Per-flag binary states. Each flag should be tested in both on and off. If a flag is added with default off, both states need explicit coverage before promotion.
Flag interactions. Two flags A and B both controlling parts of the same flow → 4 combinations. With n interacting flags it's 2^n; use pairwise once n > 4.
Targeting / rollout mechanisms:
- Percentage rollout: user X is in the 10% bucket; assertion that they consistently get the same value across requests.
- User targeting: specific users / cohorts get the flag; verify the targeting condition.
- Geo / device targeting: behaviour for each segment.
Default behaviour when the flag service is down. Critical: if your flag platform (LaunchDarkly, Split, in-house) returns an error or times out, what does the system do? Most platforms recommend "use the configured default value" — test that explicitly.
Flag transitions:
- Flag goes from off → on while user is mid-session: does the UI reflect immediately? Is there a stale-state risk?
- Flag goes on → off (rollback): same question, plus does any data created under "on" survive cleanup?

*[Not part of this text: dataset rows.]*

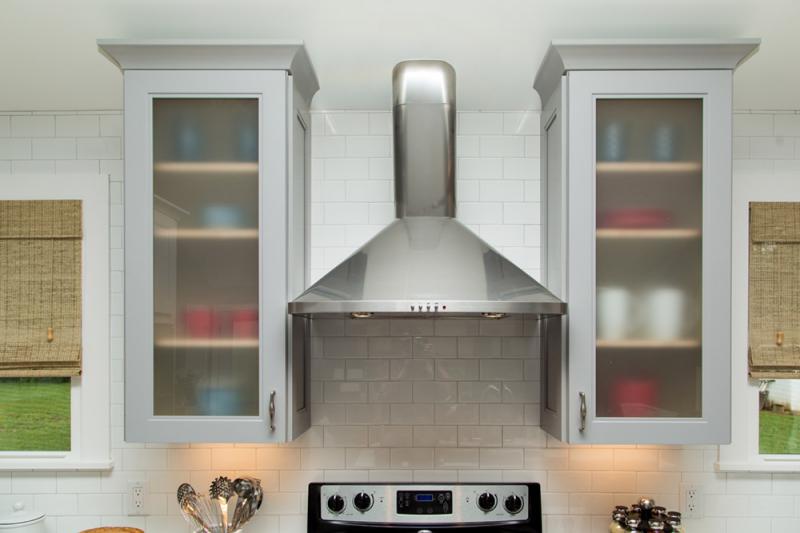 Gainsboro Gray Kitchen Cabinets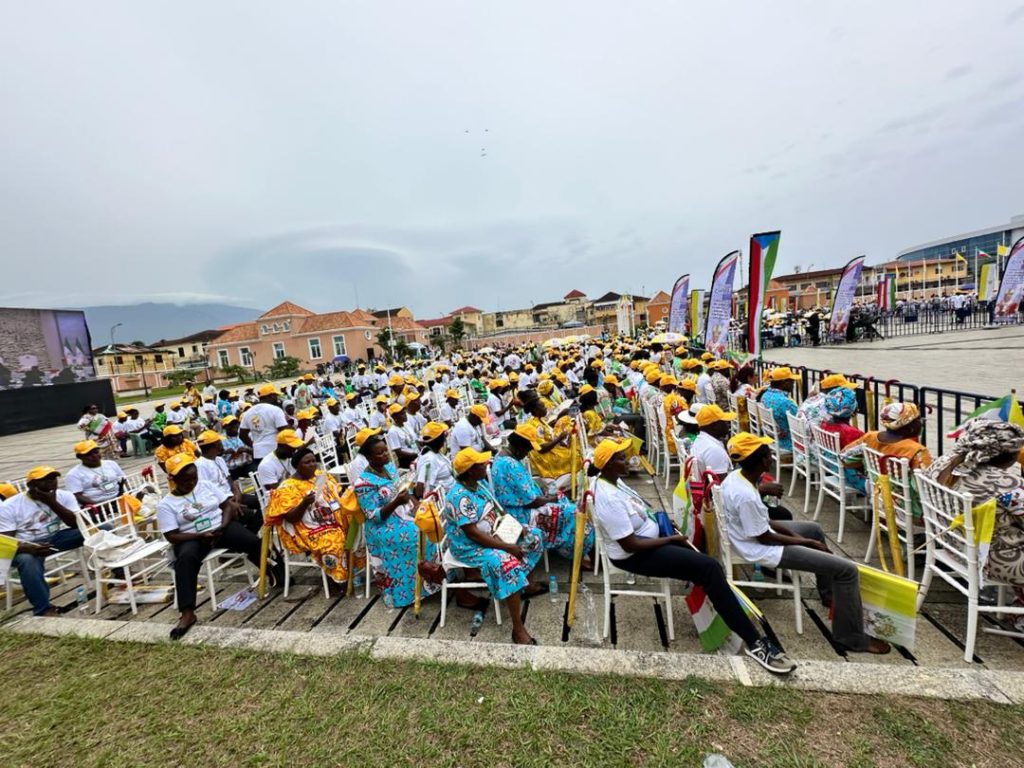 1000316056-1024x768 Annobón destaca en el recibimiento al papa León XIV en Malabo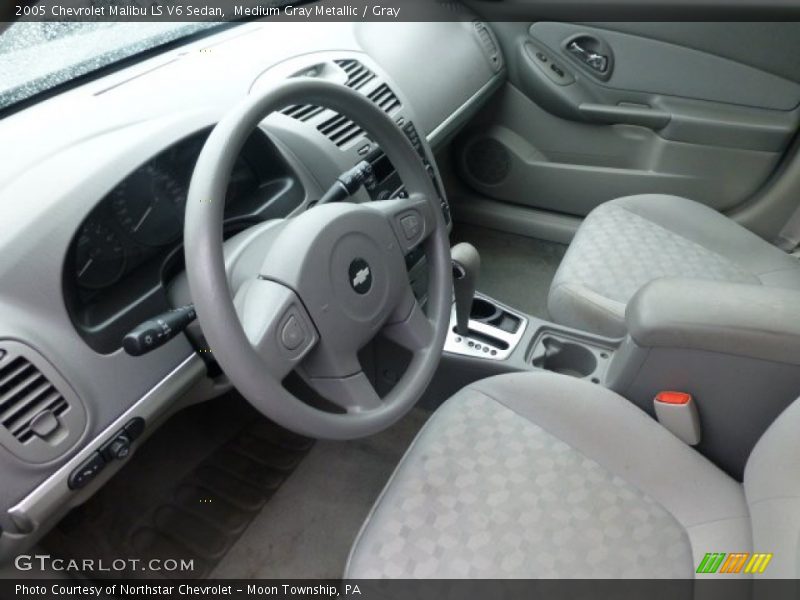 Medium Gray Metallic / Gray 2005 Chevrolet Malibu LS V6 Sedan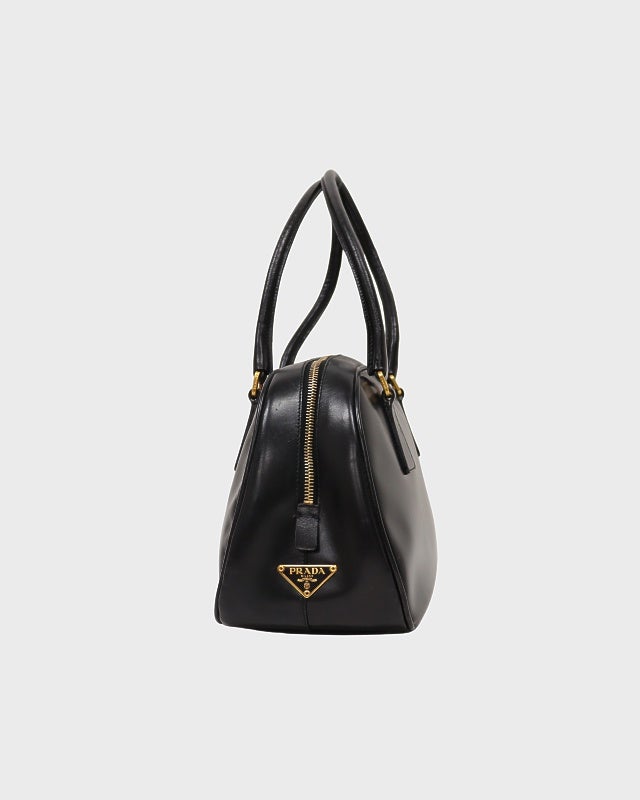 PRADA 三角ロゴ金具レザーハンドバッグ | Hedy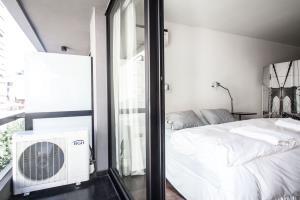 Iq Apartment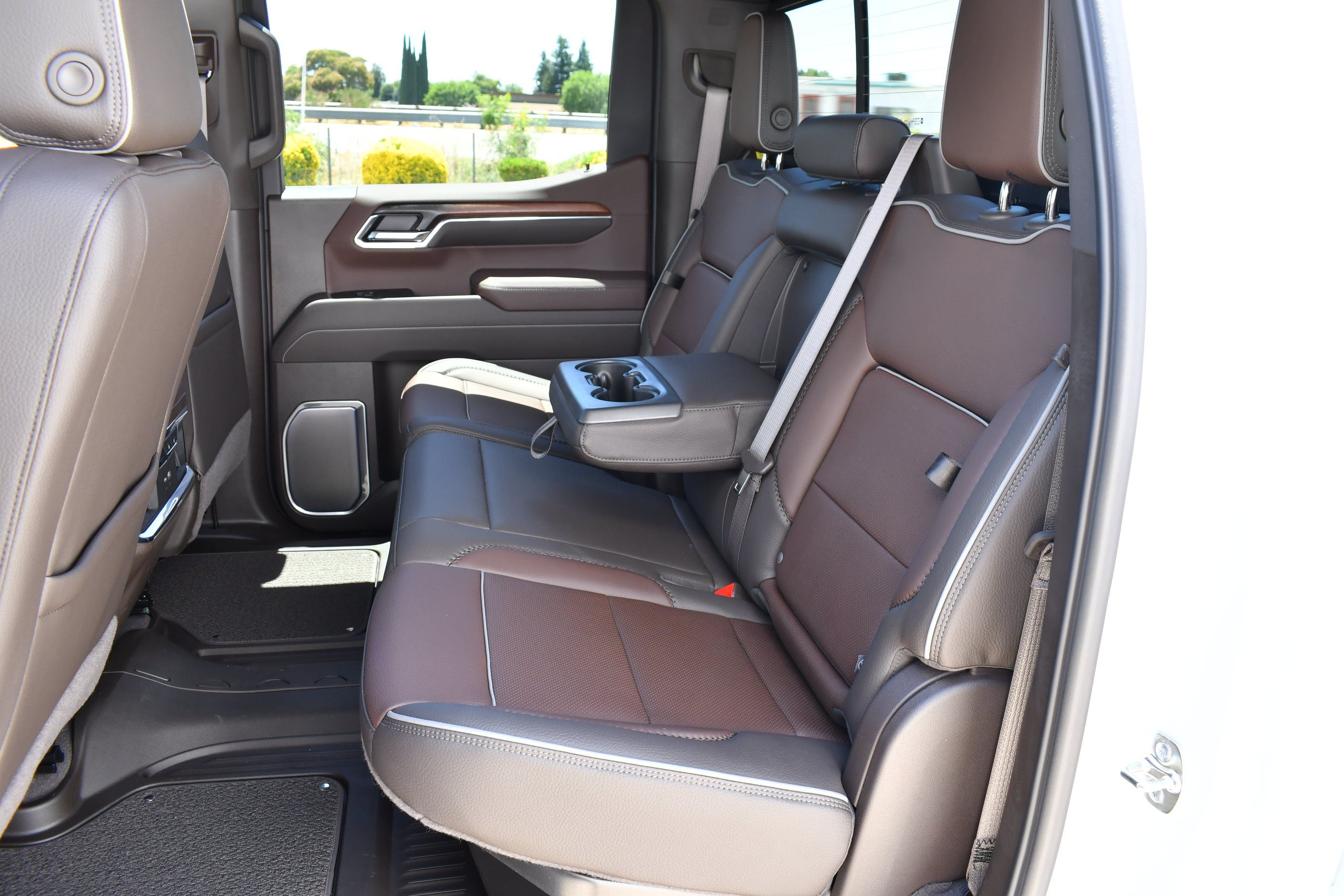 New 2026 Glacier White Tricoat GMC Denali image 28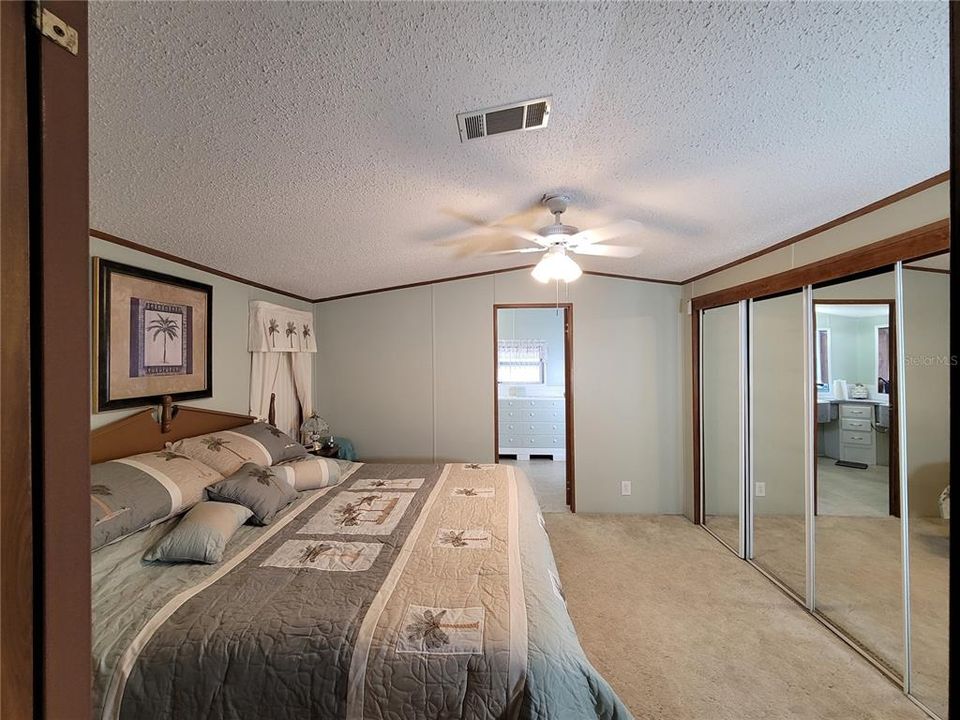 На продажу: $209,900 (2 спален, 2 ванн, 1056 Квадратных фут)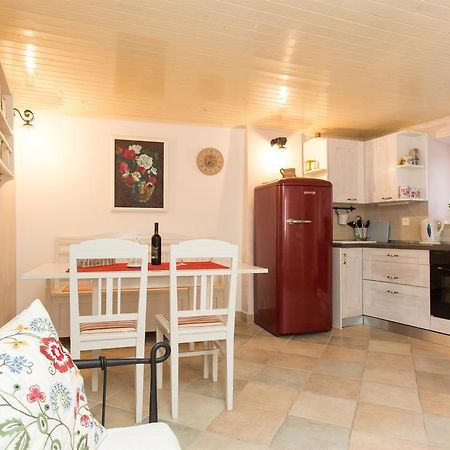 Holiday Home Smokovec Vrbnik Ngoại thất bức ảnh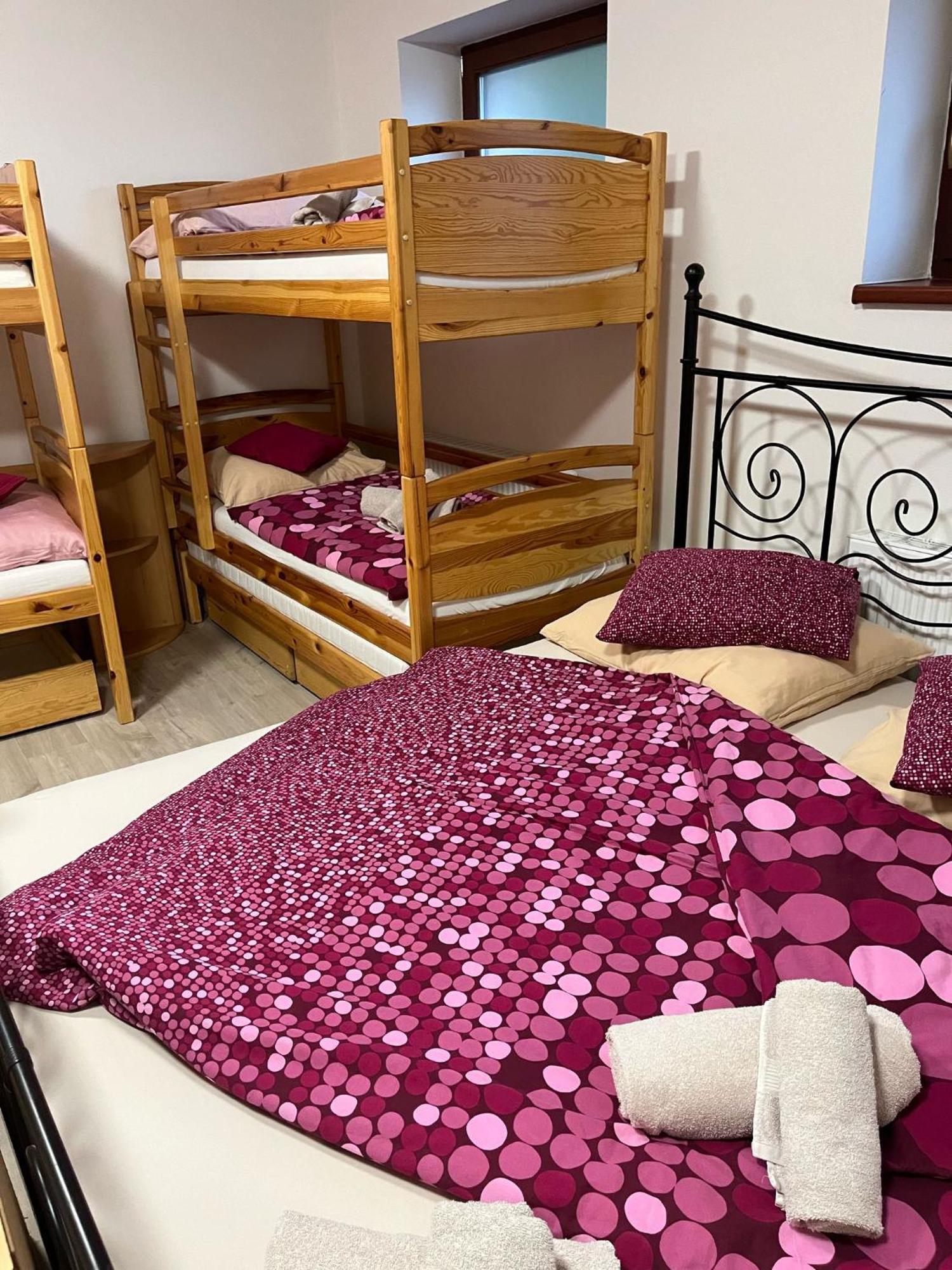 Hotel Zlechov Plumlov Habitación foto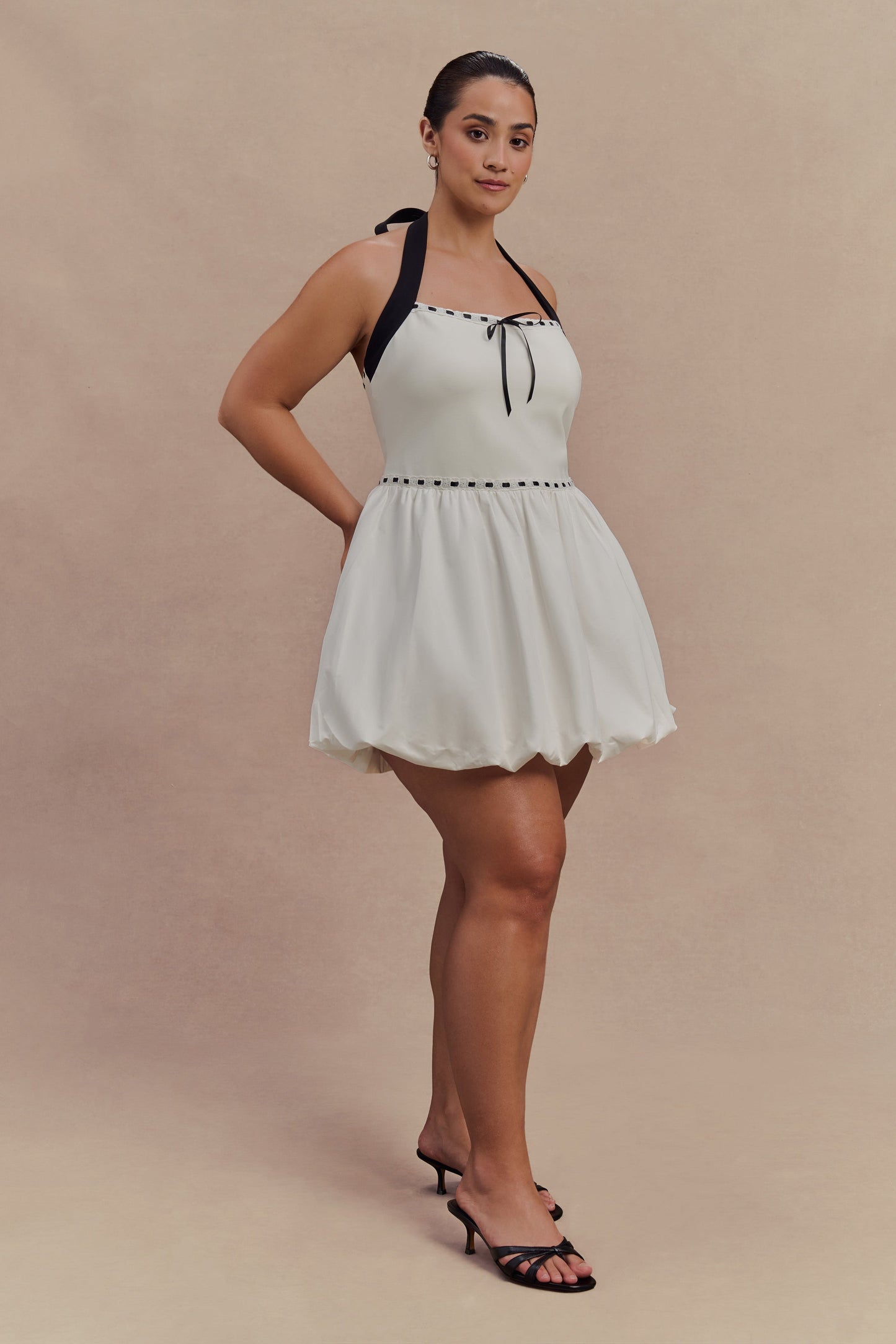 Robe mini Queenie à col montant et manches bouffantes - Noir/Blanc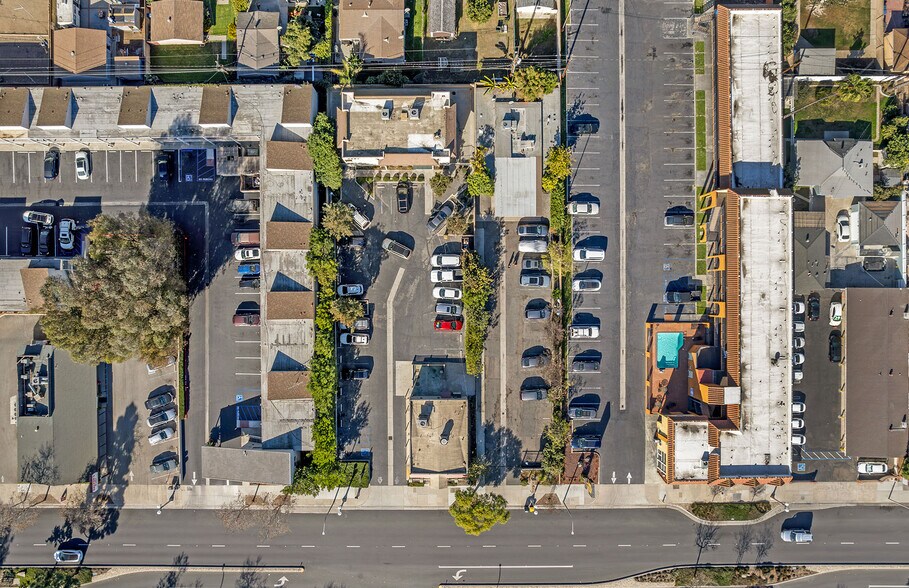 5631 Lincoln Ave, Cypress, CA à louer - Photo du bâtiment - Image 2 de 13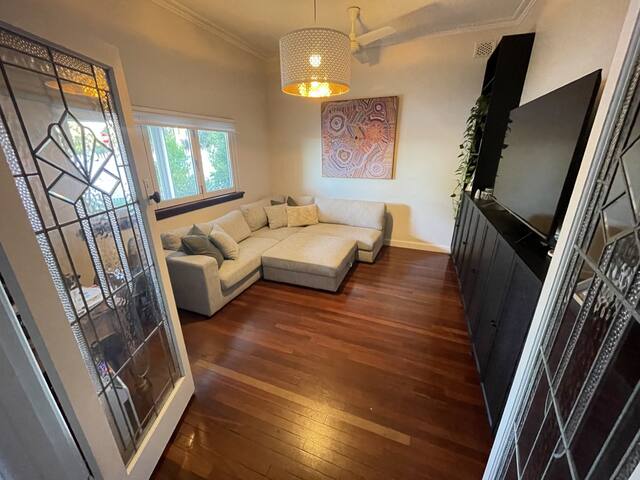 Charming Oasis getaway gallery image 3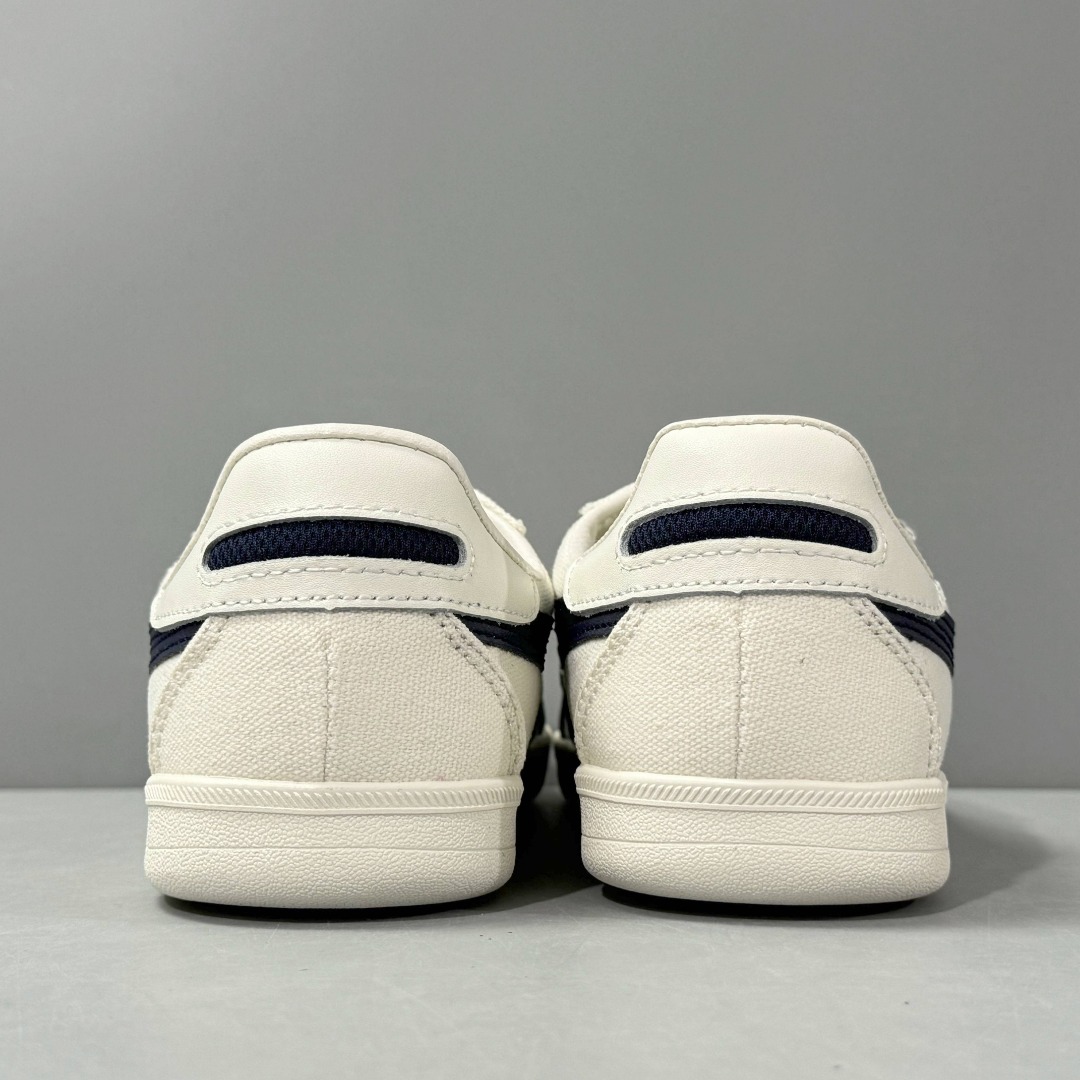 Onitsuka Tiger Tokuten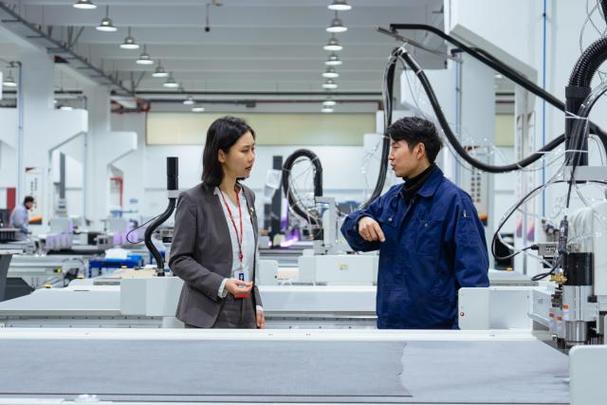 揚(yáng)州一家主營羽絨制品制造的企業(yè)主劉總感慨道.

Cleanup / decommission. Old flags accumulate. Test that the codebase has explicit cleanup paths — when the flag is removed, the "on" code path becomes the default and the "off" branch is deleted. (Most flag bugs come from stale flags.)
Test design moves: run the suite twice in CI, once with each value of any "currently rolling out" flag; canary or shadow tests in production verify the flag's effect matches the expectation for live traffic; audit logs verify the flag's state change is logged with who/when/why.
The senior signal: treating feature flags as a test design dimension, not as an afterthought.